I can understand that idea and see where people get it, though I think the word "abuse" becomes less and less dictionary-correct the farther to that end of the spectrum you go. It's certainly easy to turn something up to 11 if there's no rule saying it stops at 10 ... but then that doesn't exactly seem abusive, just extreme. Agree/disagree?

GnomeWorks
2014-06-29, 01:15 AM
"Rule Zero" is too ingrained in RPG culture at this point (What with hacks, homebrews, house rules, etc, etc) that it wouldn't do any good. Every GM is convinced they know better than the game designer. Most of them are wrong, but that doesn't stop them trying.

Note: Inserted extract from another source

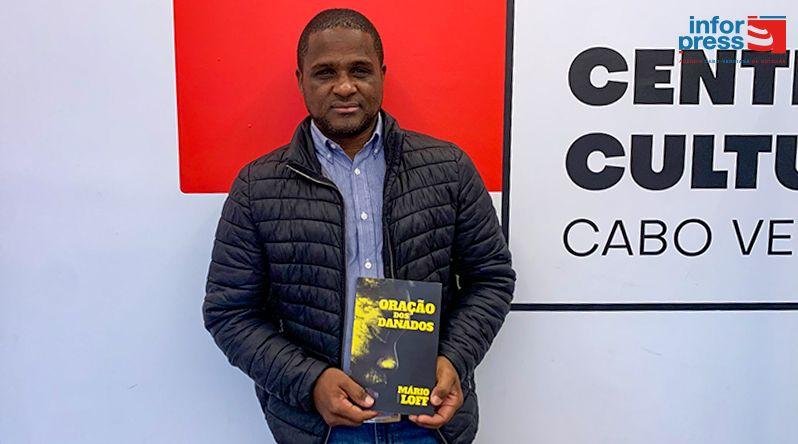 PERFIL: Mário Loff um escritor que faz da literatura um exercício de inquietação
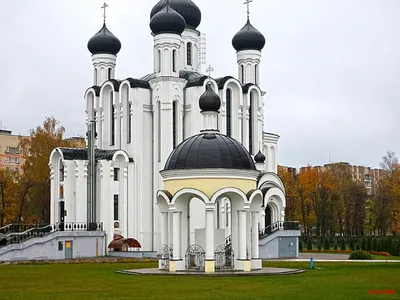 Прогулка по Барановичам 4 августа 2013 года. — Путевые заметки и фотографии  от СерогоШансона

You may, though, be able to draw a distinction between homebrew material - that is, things made away from the table - and sudden rules-changes made at the table, to the benefit or detriment of someone at the table (player or DM).

I'd think that the vast majority of players and GMs have no problem with someone making rules changes away from the table, so long as there's transparency. If a GM explains why they're changing a rule or puts it to a vote or what-have-you, that kind of "rule zero" is something that - I'm pretty sure - everybody can get behind.

It's the weird stuff that some GMs do at the table, making rulings that don't jive with the system or that just straight-up mess things up in some way, shape, or form, even if it's just that they mess with players' expectations of how the system is supposed to work.

NichG
2014-06-29, 01:52 AM
Improvisation is necessarily rules-light; this rewards players able to think quickly on their feet. By contrast, heavy rules reward careful planning and preparation. While charisma and interpersonal influence can certainly affect how a rules-heavy game operates (e.g. DM's significant other or the player who talks so well her character never makes social rolls), in theory it should not.

I don't think I agree with the statement that 'in theory it should not', because 'rules heavy' just means that there's more rules, not what they say. You could have a game that is very rules heavy on combat and rules light on social, or which uses social rules that give the players supernatural abilities, but all 'mundane' interactions are left to RP, or other such things. Its a pretty broad design space.

For example, a way to do rules-heavy social interaction while still having it be dominated by personal charisma would be to have powers that let people do things like 'redact one thing that was said', 'ask how a person would respond to a given statement without actually saying it', 'know what a person is thinking right now', 'gain a piece of blackmail-worthy information for a person', etc. All the actual social interaction and decision-making would be done purely through actually talking it out, but there is a complex set of rules that allows players to do things they normally wouldn't be able to.


I remember there being concerns about how rules-light games are more prone to abuse. That, I think, is a slightly erroneous assumption, since decades of D&D has shown gaming communities what exactly a poor GM can do with Rule Zero. In fact, I'd say all of the games I've read, let alone played, never provide in-built protections against Rule Zero abuse.

This is a misrepresentation of what I said. I never said that a rules-heavy game is less prone to GM abuse. What I said was that a game with rules-heavy character generation gives players a much stronger illusion of control over their character and its abilities than a rules-light game.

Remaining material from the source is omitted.